Penggunaan kalsium oksida:
1. Volume utama sebelum zat kami digunakan dalam produksi batu bata silika dalam konstruksi. Sebelumnya, dibakar kapur digunakan sebagai kapur semen. -Nya dibuat dengan mencampur dengan air (H2O). Kalsium oksida yang dihasilkan dilewatkan ke dalam hidroksida yang kemudian, dengan menyerap atmosfer karbon dioksida (CO2), yang sangat mengeras, berubah menjadi kalsium karbonat (CaCO3). Meskipun biaya rendah dari metode ini, sekarang semen kapur hampir tidak pernah digunakan dalam konstruksi, karena memiliki kemampuan untuk menyerap dan baik menumpuk cairan.

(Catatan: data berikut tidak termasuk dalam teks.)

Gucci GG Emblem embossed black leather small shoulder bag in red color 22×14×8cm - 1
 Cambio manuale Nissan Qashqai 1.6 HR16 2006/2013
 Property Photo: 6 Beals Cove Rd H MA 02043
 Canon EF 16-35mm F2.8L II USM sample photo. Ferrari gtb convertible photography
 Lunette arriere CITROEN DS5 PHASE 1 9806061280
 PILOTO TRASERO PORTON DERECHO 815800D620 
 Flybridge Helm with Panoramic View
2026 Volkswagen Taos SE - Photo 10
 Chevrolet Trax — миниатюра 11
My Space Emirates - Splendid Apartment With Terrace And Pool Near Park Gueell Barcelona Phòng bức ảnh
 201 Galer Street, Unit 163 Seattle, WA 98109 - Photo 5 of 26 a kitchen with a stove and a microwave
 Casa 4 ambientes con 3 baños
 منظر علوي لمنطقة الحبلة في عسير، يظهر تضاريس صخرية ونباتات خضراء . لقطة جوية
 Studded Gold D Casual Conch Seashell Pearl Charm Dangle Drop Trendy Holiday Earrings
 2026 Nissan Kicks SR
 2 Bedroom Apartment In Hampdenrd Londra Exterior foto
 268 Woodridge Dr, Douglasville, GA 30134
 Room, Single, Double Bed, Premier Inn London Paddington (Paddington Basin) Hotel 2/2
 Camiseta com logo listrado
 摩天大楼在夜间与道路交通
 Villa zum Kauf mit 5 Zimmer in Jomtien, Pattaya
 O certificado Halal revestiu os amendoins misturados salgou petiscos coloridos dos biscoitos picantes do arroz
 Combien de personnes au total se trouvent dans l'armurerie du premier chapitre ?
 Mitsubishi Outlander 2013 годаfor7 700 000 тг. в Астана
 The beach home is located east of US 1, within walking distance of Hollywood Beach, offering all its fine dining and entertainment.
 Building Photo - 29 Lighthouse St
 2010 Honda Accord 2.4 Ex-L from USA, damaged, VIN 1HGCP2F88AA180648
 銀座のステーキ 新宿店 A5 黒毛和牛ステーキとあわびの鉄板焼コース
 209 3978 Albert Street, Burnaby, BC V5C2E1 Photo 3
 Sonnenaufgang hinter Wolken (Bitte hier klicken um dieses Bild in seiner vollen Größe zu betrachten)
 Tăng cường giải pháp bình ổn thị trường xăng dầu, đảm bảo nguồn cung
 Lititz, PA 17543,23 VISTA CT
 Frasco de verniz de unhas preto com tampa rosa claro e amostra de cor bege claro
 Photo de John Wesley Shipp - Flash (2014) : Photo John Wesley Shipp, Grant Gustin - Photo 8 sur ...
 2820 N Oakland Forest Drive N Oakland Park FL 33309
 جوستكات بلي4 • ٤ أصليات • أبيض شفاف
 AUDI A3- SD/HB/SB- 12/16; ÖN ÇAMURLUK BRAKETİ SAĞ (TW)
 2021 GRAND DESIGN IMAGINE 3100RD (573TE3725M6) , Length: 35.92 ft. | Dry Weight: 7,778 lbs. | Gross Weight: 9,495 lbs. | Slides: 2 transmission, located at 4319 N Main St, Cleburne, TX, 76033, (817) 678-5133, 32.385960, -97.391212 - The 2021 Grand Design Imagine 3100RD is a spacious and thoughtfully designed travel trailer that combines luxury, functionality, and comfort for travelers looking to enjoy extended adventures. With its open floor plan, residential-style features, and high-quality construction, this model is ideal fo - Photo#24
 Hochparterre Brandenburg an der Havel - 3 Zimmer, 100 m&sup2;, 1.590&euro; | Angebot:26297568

2. bahan tahan api Sebagai calcia cocok sebagai bahan murah dan tersedia. Menyatu kalsium oksida memiliki ketahanan terhadap air (H2O), yang memungkinkan penggunaannya sebagai refraktori, di mana penggunaan bahan mahal tidak praktis.
3. Dalam laboratorium penggunaan Principal kalsium oksida untuk mengeringkan zat yang tidak bereaksi dengan itu.
4. Dalam industri makanan substansi terdaftar sebagai aditif makanan di bawah E 529. penunjukan digunakan sebagai emulsifier untuk pembuatan campuran homogen dari non-larut dengan masing-masing zat lain - air, minyak dan lemak.
5. Dalam industri kalsium oksida digunakan untuk menghilangkan sulfur dioksida (SO2) dari gas buang. Digunakan biasanya larutan air 15%. Sebagai hasil dari reaksi yang berinteraksi kapur terhidrasi dan sulfur dioksida, gypsum diperoleh CaCO4 dan CaCO3. Dalam percobaan, peneliti berusaha indikator di 98% asap otchistki sulfur dioksida.
6. Digunakan dalam khusus "samogreyuscheysya" piring. Kapal dengan sejumlah kecil kalsium oksida dibuang antara dua dinding kapal. Ketika menusuk kapsul dalam reaksi air dimulai dengan pelepasan beberapa panas.